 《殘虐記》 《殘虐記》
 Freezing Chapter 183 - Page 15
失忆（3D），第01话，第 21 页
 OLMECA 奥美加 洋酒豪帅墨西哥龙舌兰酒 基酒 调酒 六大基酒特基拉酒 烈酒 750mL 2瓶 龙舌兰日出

★ ★ ★

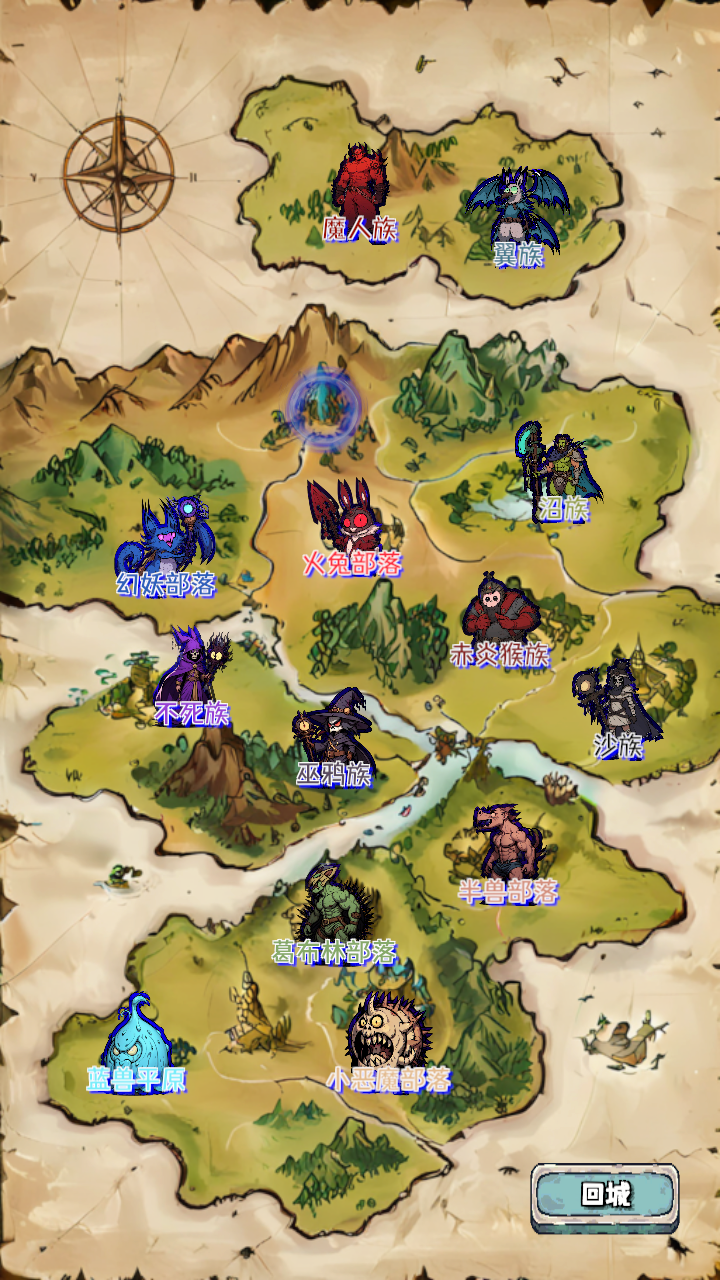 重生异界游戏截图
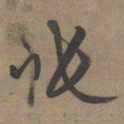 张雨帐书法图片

★ ★ ★

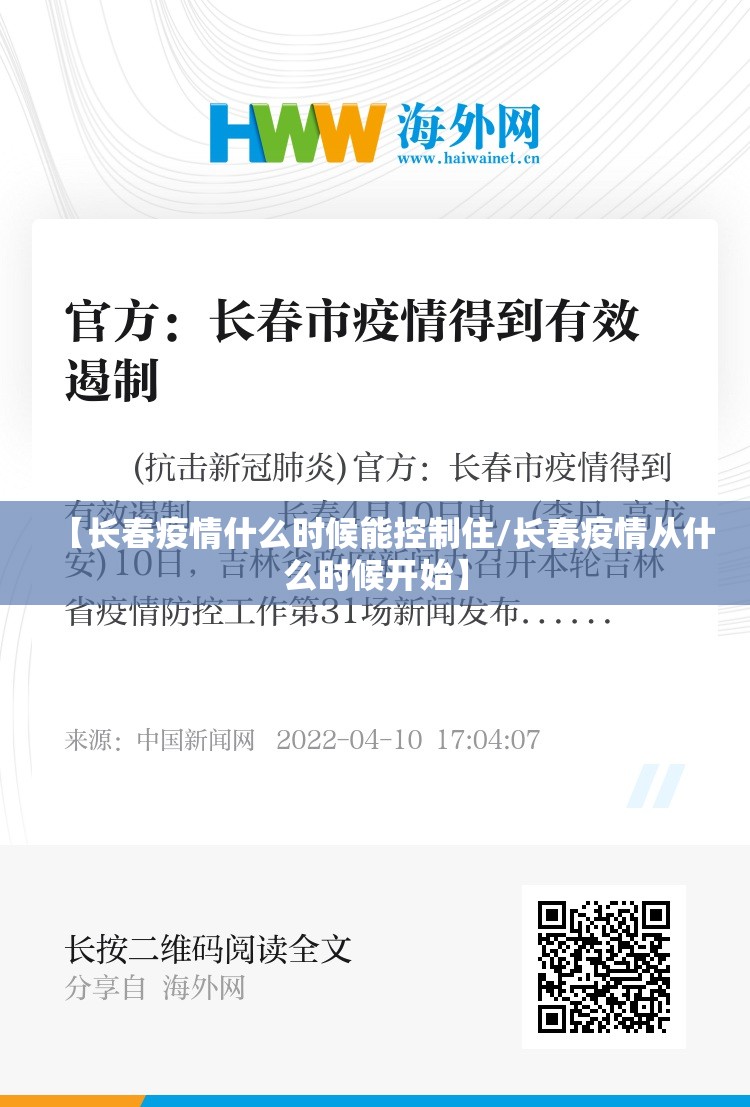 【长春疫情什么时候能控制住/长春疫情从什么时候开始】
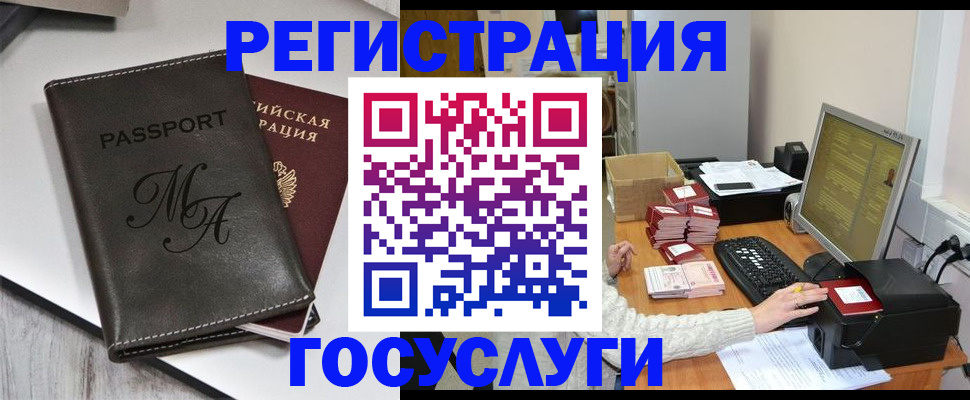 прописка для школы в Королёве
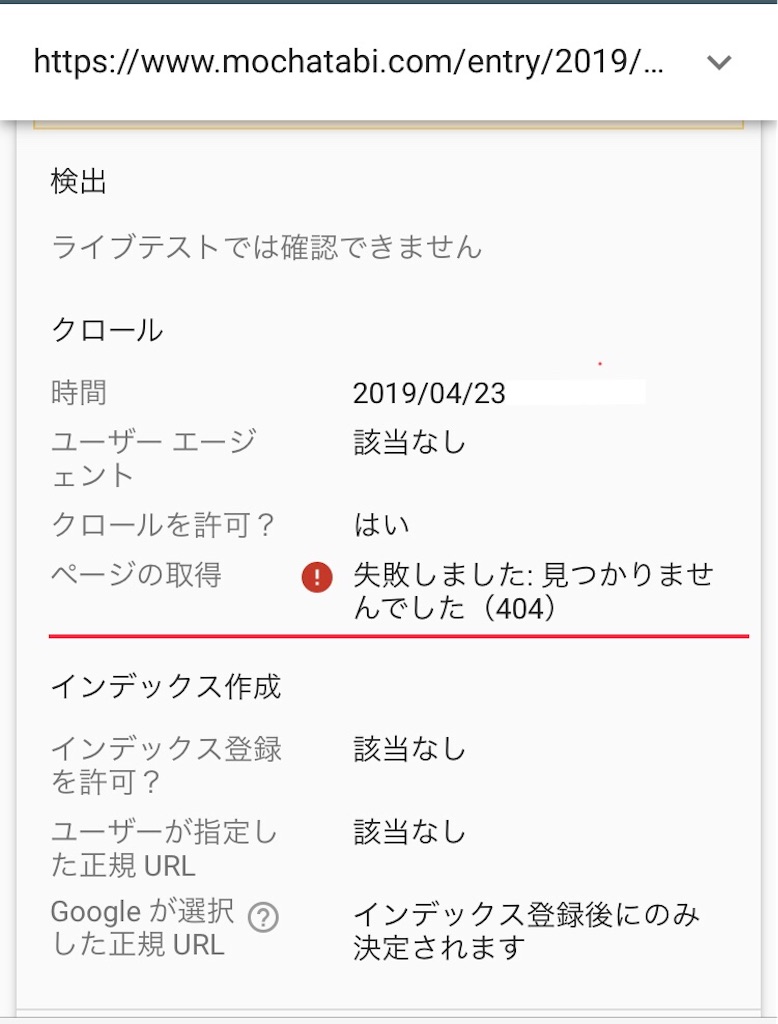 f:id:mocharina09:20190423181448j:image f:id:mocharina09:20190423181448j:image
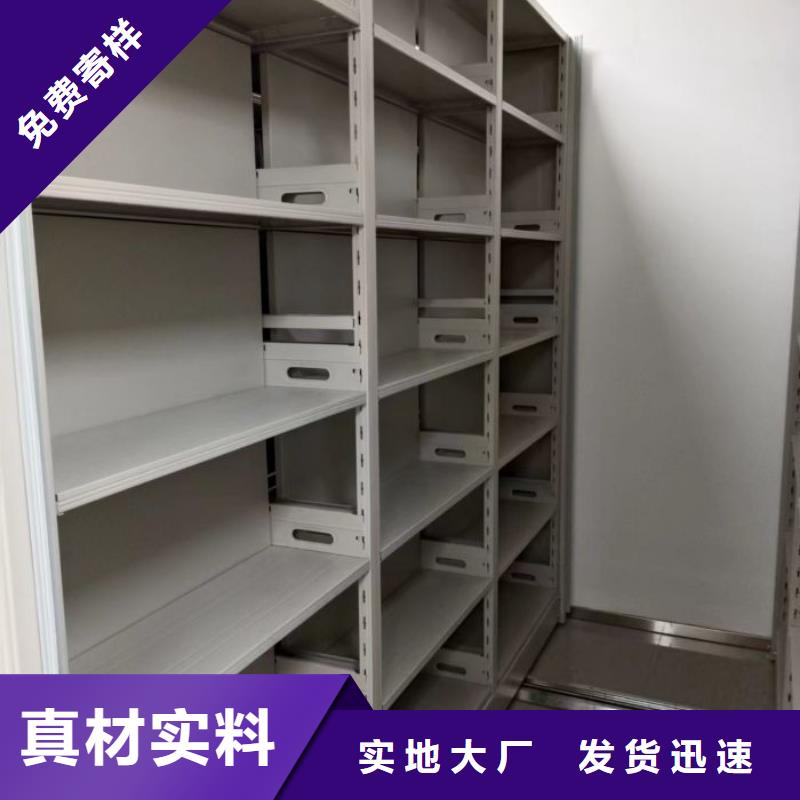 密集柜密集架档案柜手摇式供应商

★ ★ ★

__DESCRIPTION OF THE TASK__. Please write out, exactly as they appear above, only the lines in the stretch from the line with "Freezing Chapter 183 - Page 15" through the line with "OLMECA 奥美加 洋酒豪帅墨西哥龙舌兰酒".

__RESPONSE TO THE TASK__.
 Freezing Chapter 183 - Page 15
失忆（3D），第01话，第 21 页
 OLMECA 奥美加 洋酒豪帅墨西哥龙舌兰酒 基酒 调酒 六大基酒特基拉酒 烈酒 750mL 2瓶 龙舌兰日出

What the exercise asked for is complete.